APP includes service contracts, sessional contracts, salary agreements, and in some cases, population-based funding and pay-for-performance arrangements, according to a Doctors of BC backgrounder on payment models

“For my 15 years of practice in family medicine and emergency medicine, my overwhelming opinion is that fee for service is not desirable,” he said. “It's a system where I'm worried about seeing enough patients to pay the bills.” 

For physicians in rural areas, fee for service can cause stress when a family physician requires time off. They are then required to find someone who will cover for them in an area that may already be underserved. 

“These family doctors are usually desperate to have locum coverage because that's the only way they can keep on paying their overhead while taking time off,” Fong said. 

What do physicians want in a model? 

McCracken says that a new model needs to have evidence and informed focus groups that will ensure the application of the model has productive outcomes. 
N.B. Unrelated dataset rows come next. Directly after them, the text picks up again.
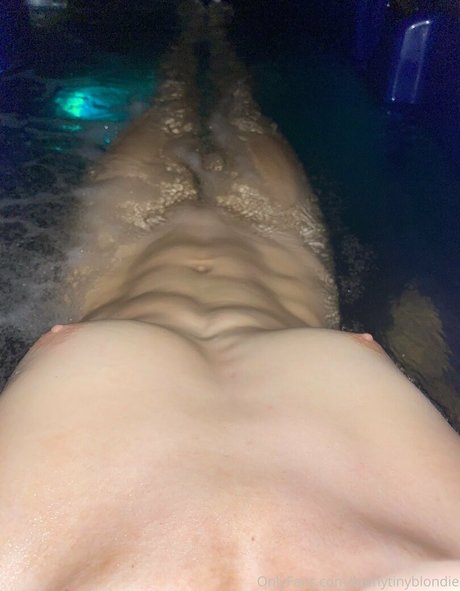 Teenytinyblondie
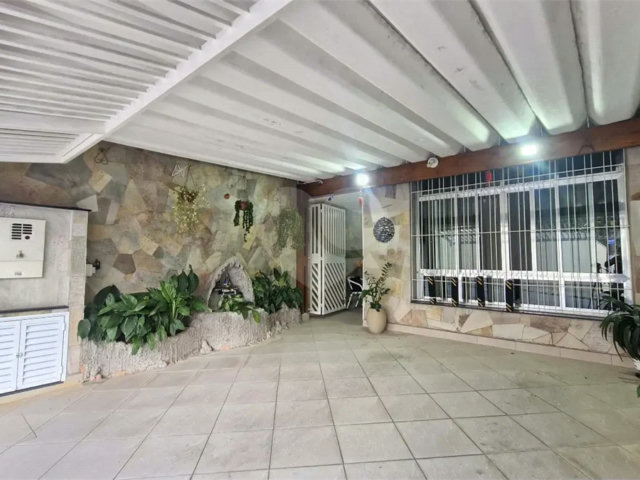 Sobrado à venda com 3 quartos, sendo 1 suíte,  em TREMEMBÉ, São Paulo, SP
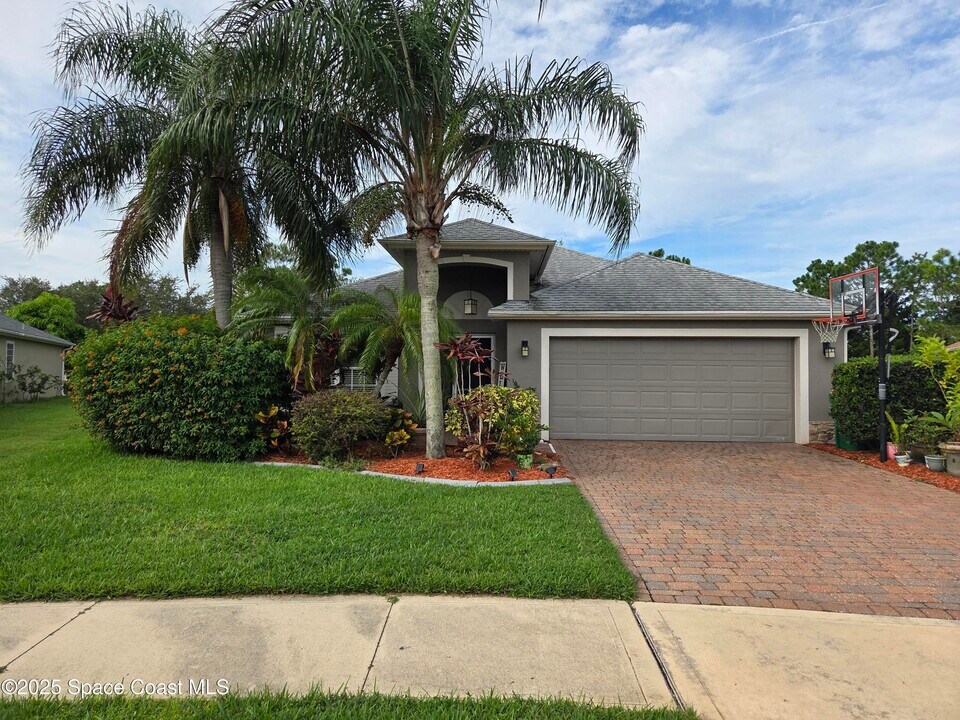 3625 Fodder Dr in Rockledge, FL - Building Photo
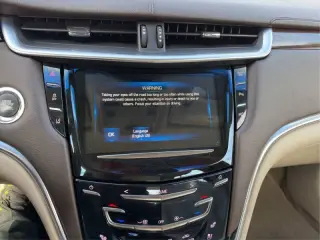 Cadillac XTS 2014
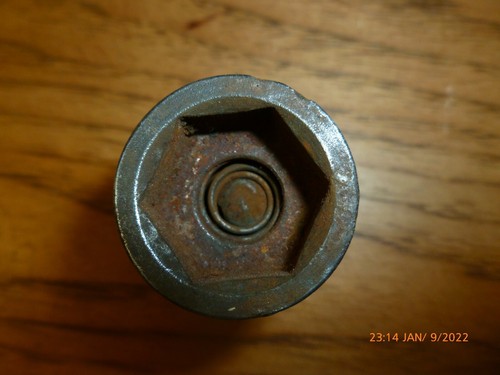 MAC Tools VUI 286 1/2" Drive 6 Point Impact Swivel 7/8" Socket - Picture 5 of 5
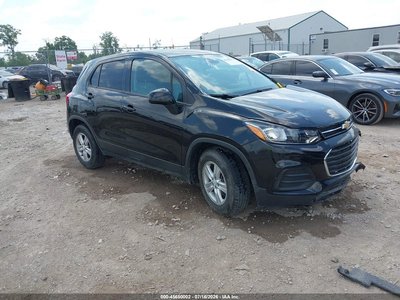 3GNCJKSB1LL****** 2020 Chevrolet Trax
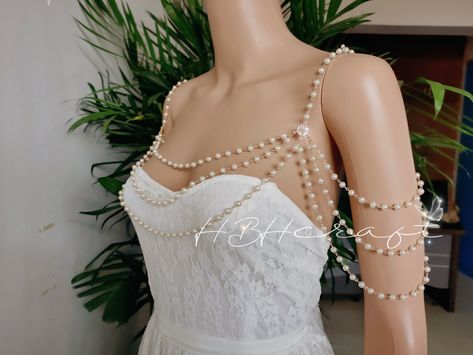 Pearl Hand Jewellery, Pearl Shoulder Chain, Bridal Shoulder Necklace, Bridal Shoulder Jewelry, Armor Wedding Dress, Pearl Shoulder Jewelry, Sparkle Accessories, Bridal Body Jewelry, Shoulder Accessories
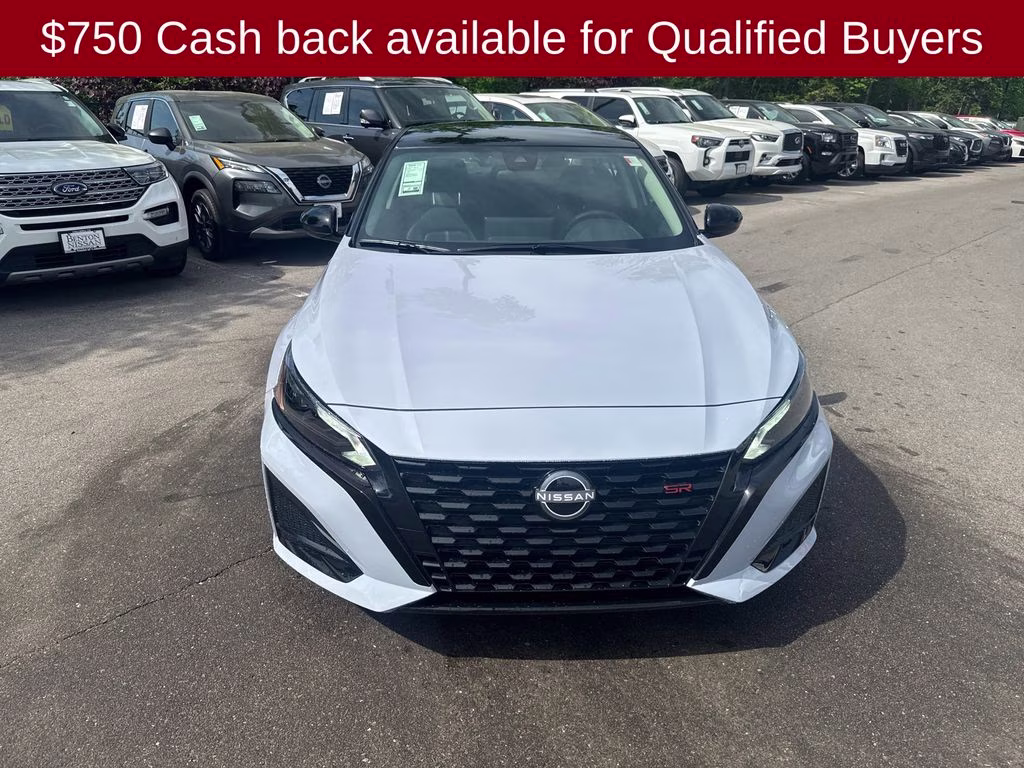 2026 Gray Sky/Super Black Nissan Altima 2.5 SR FWD Sedan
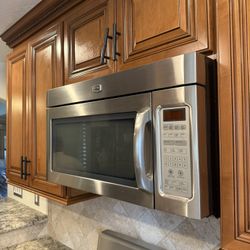 Maytag Over-the-Range Microwave – Stainless Steel – Good Condition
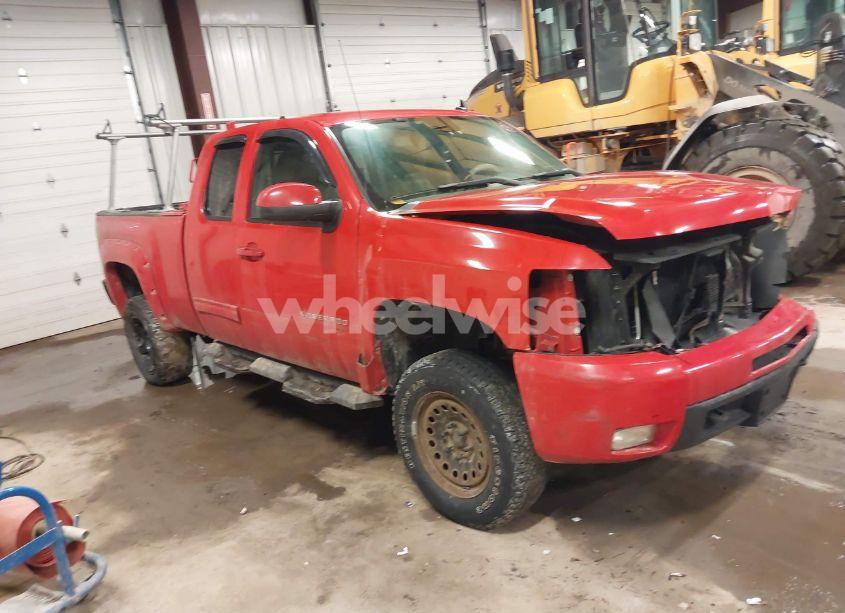 2011 Chevrolet Silverado 1500 LTZ (VIN 1GCRKTE35BZ220884) main photo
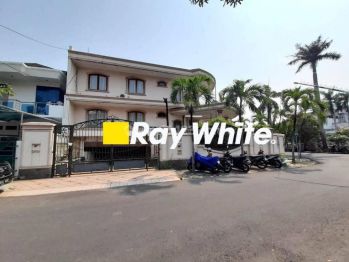 Dijual Rumah di Puri Indah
“We need to be providing something that is going to work for the system and that's going to work for the citizens of British Columbia, not for small interest groups of physicians,” she said. 

In addition, she hopes to see a metric that will analyze how the model is affecting patient access to care. 

“How preposterous is it that in this completely crumbling system, that we don't have a metric that we can use to say things are getting better or things are getting worse,” she said. 

Up until 2019, a federally funded health-care survey collected data on how many Canadians had access to primary care or a family physician. Now, the data used to understand how many physicians there are is complicated, says McCracken. 

For Fong, a new model needs to prioritize the rising costs of living and running a family practice. 

“The elephant in the room is that if the government does choose to preserve the fee-for-service system, it's got to be said that the billing codes for family doctors have only increased 3.2 per cent over the last five years,” he said. 

The billing codes themselves are not accounting for inflation or the rising cost of rent, he says. 

“There's tons of people still choosing family practice. They're graduating, saying, 'I want to provide longitudinal community-based care.' And then we don't provide them a job that allows them to live as a human being,” McCracken said.